Crypto mining’s massive power requirements have made it quite the target of environmentalists all over the world. But a credit rating agency in the US is now considering it a definitive threat to the stability of the American power grid.
According to a recent report by Fitch’s credit rating agency, cryptocurrency mining (particularly Bitcoin mining) is too “fickle” a business to maintain. By this, they mean that the massive price swings could mean that mining farms will either abandon or default on long-term public utility contracts, as reported by NotebookCheck.
The entire report from Fitch is available on their website if you want to read it in its entirety. It gets fairly technical, but the main gist involves the highly fickle nature of cryptocurrencies and how they’ll leave utility companies struggling to balance their electrical loads as soon as they suddenly become unprofitable.

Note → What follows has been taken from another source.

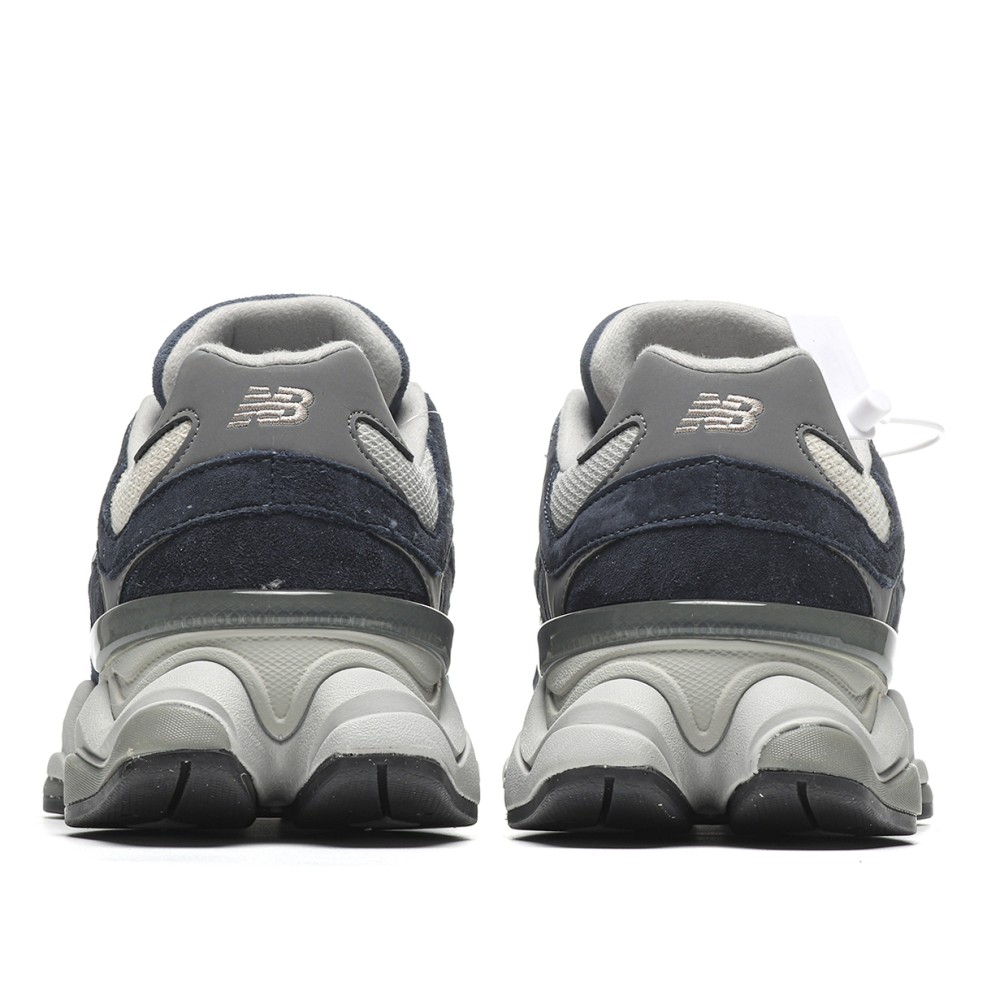 TBkicks New Balance 9060 Natural Indigo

This news comes after what could be the largest crypto price drop in recent memory. The prices of major cryptocurrencies, most notably Bitcoin and Ethereum, have basically halved from their previous all-time highs last year.
As such, most mining operations, which always put public utilities’ power-generating capabilities under heavy stress, will likely abandon or default on their contracts because the profits are no longer outweighing the operational costs.
Fitch cites the state of Texas, which has basically become the “El Dorado” of cryptocurrency mining, as an example. There, the lightly unregulated nature of the grid means it is struggling to balance its supply with the massive power demand of mining operations.
As a result, some Bitcoin miners have expressed a desire to help “fix” the Texan power grid, which has gained the backing of Republican senator Ted Crtuz, as reported by CNBC.
Why Does Crypto Mining Use So Much Power Anywhere?
The insane power requirements of cryptocurrency mining have been a major topic all over the world. Some countries are using this exact reason to ban them, especially after pledging to minimize their carbon emissions. But why does mining cryptocurrencies consume so much power anyway?
Let us take Bitcoin as an example. Trading Bitcoins isn’t where the power-hungry nature lies, but in its decentralized structure, according to Forbes.
(Photo : Thought Catalog from Unsplash)
Major cryptocurrencies like Bitcoin, Ether, and Solana have experienced terrible market crashes recently, according to the latest report.
Cryptocurrency transactions always require verification. Also known as a “proof-of-work” system, this involves using powerful hardware to solve very complex math, which, in turn, requires a lot of electricity.
Ethereum, which is the world’s second-largest cryptocurrency by price, is a little easier to understand. Mining Ether commonly uses computer graphics cards (i.e. NVIDIA and AMD cards), which on their own consume a lot of power–hundreds of watts each on the regular.
However, in order to make mining profitable, you don’t just use one card. You use multiple cards, even hundreds at a time, to ensure that you get your investment back at the shortest possible time. That’s where the power-hungry nature of ETH mining lies.